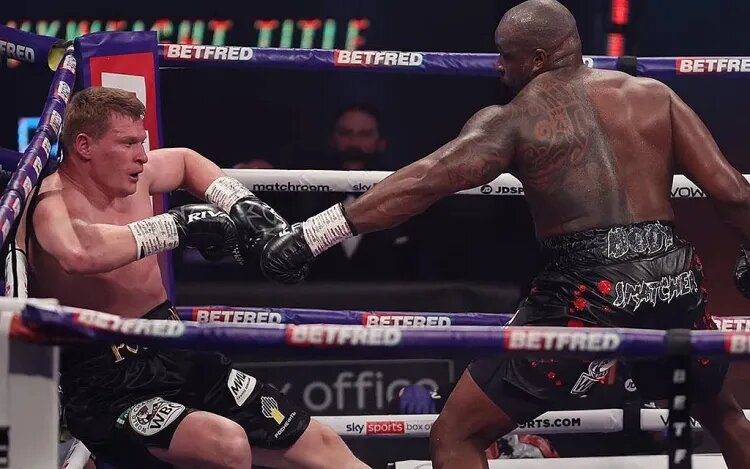    Источник фото: Matchroom Boxing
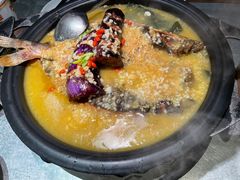 -探鱼·鲜青椒爽麻烤鱼(天河优托邦店)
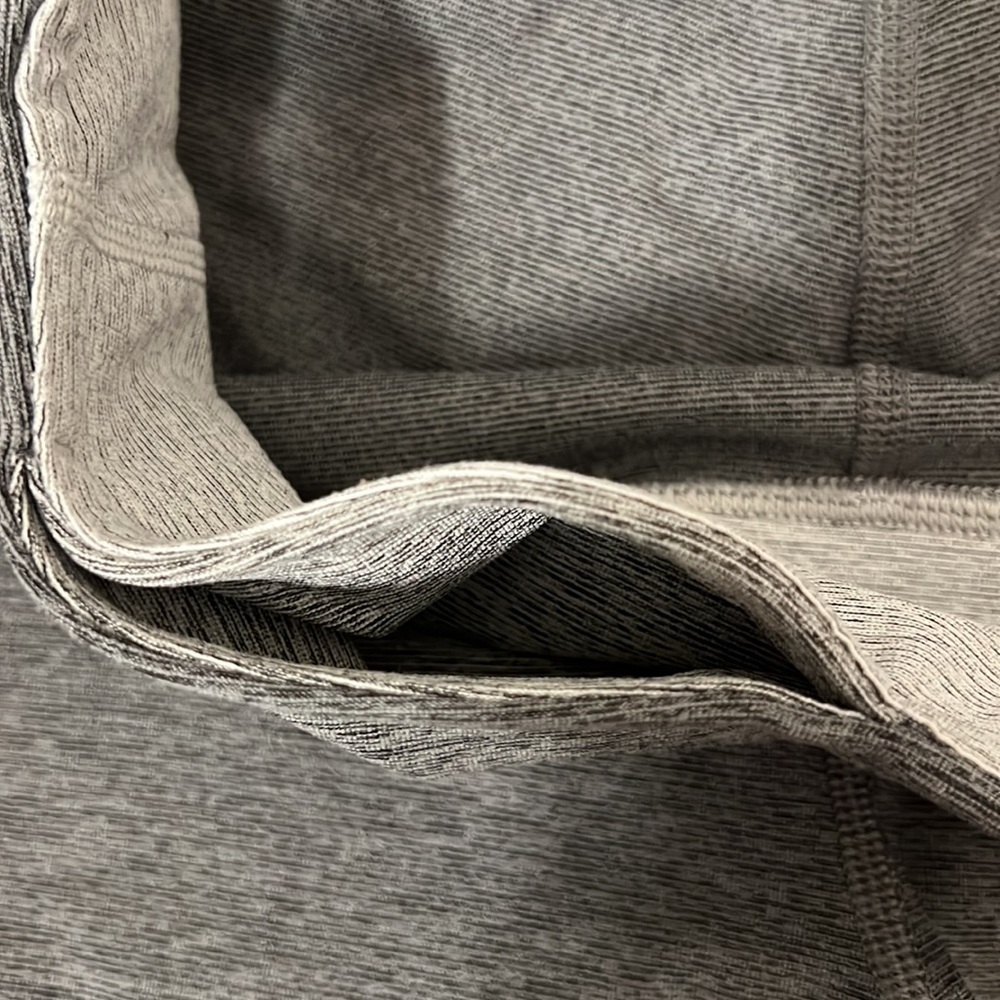 Outdoor Voices Springs 7/8 Leggings Gray Colorblock Yoga Active Size S $78 MSRP - Picture 4 of 7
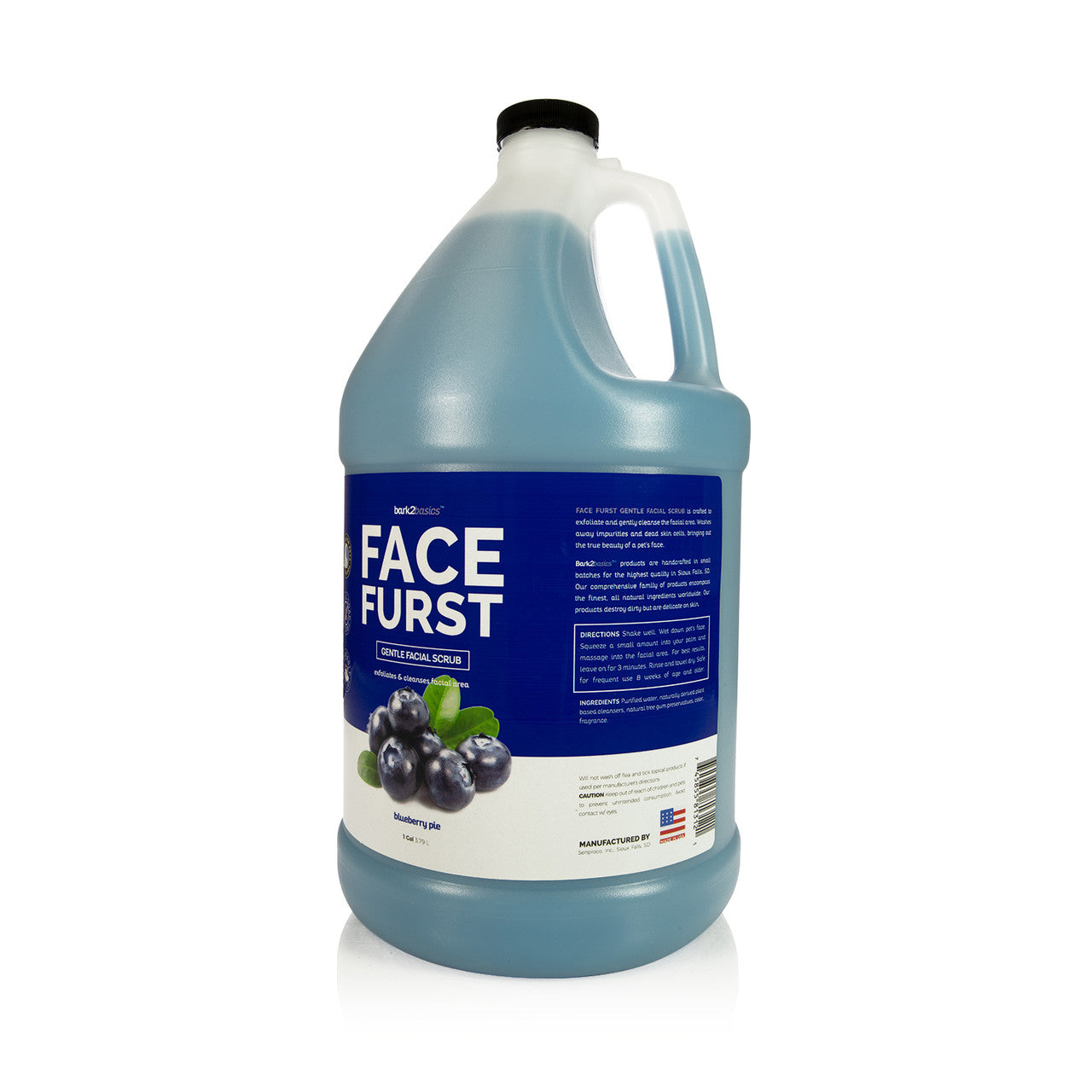 Bark2Basics Face Furst Dog Facial Scrub-Facial scrub-Pet's Choice Supply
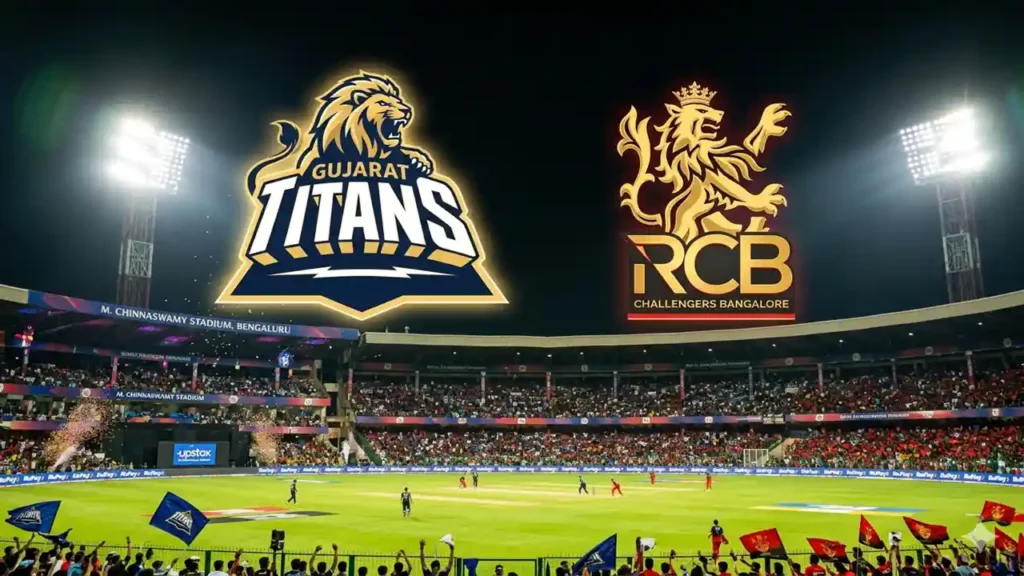 gujarat titans vs royal challengers bangalore match scorecard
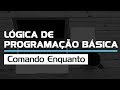 Comando Enquanto - Curso de Lógica de Programação Básica | Prime Cursos Grátis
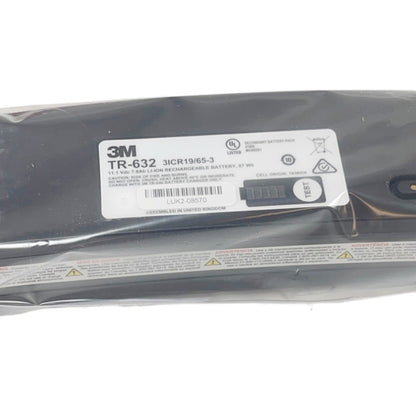 3M Versaflo REF TR-632 High Capacity Battery For TR-600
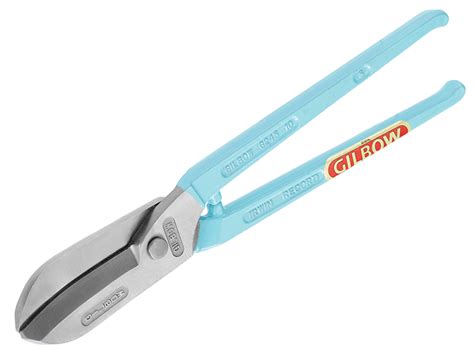 G246 Curved Tin Snips Clarke Fencing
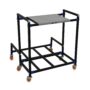 NEOSTAR Double Battery Heavy Metal Inverter Trolley/Stand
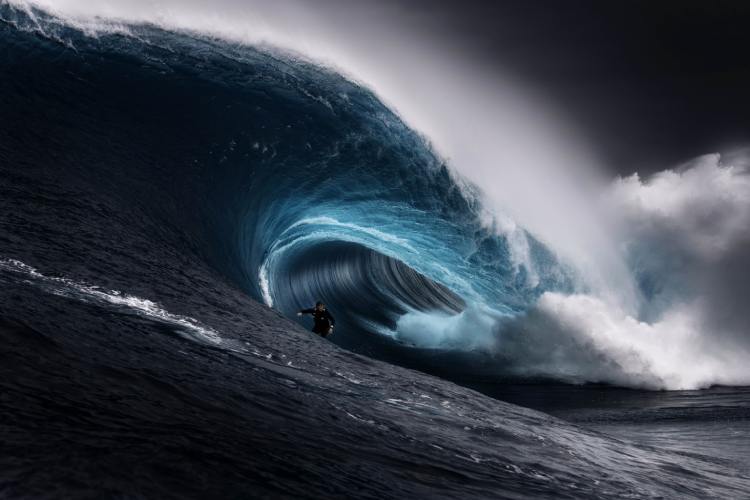 Photo by Ren McGann, winner of the 2020 Surf Photo Nikon Australia photography competition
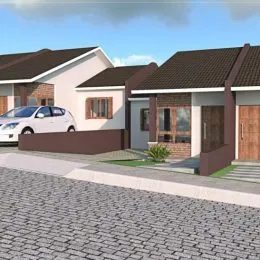 Casa geminada com 2 dormitórios, foto 4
◆ ◆ ◆ ◆
→ Problem statement:
Write the records out exactly, dropping every image.

→ Your solution:
    Источник фото: Matchroom Boxing
 -探鱼·鲜青椒爽麻烤鱼(天河优托邦店)
 Outdoor Voices Springs 7/8 Leggings Gray Colorblock Yoga Active Size S $78 MSRP - Picture 4 of 7
 Bark2Basics Face Furst Dog Facial Scrub-Facial scrub-Pet's Choice Supply
 gujarat titans vs royal challengers bangalore match scorecard
 Comando Enquanto - Curso de Lógica de Programação Básica | Prime Cursos Grátis
 3M Versaflo REF TR-632 High Capacity Battery For TR-600
 G246 Curved Tin Snips Clarke Fencing
 NEOSTAR Double Battery Heavy Metal Inverter Trolley/Stand
 Photo by Ren McGann, winner of the 2020 Surf Photo Nikon Australia photography competition
 Casa geminada com 2 dormitórios, foto 4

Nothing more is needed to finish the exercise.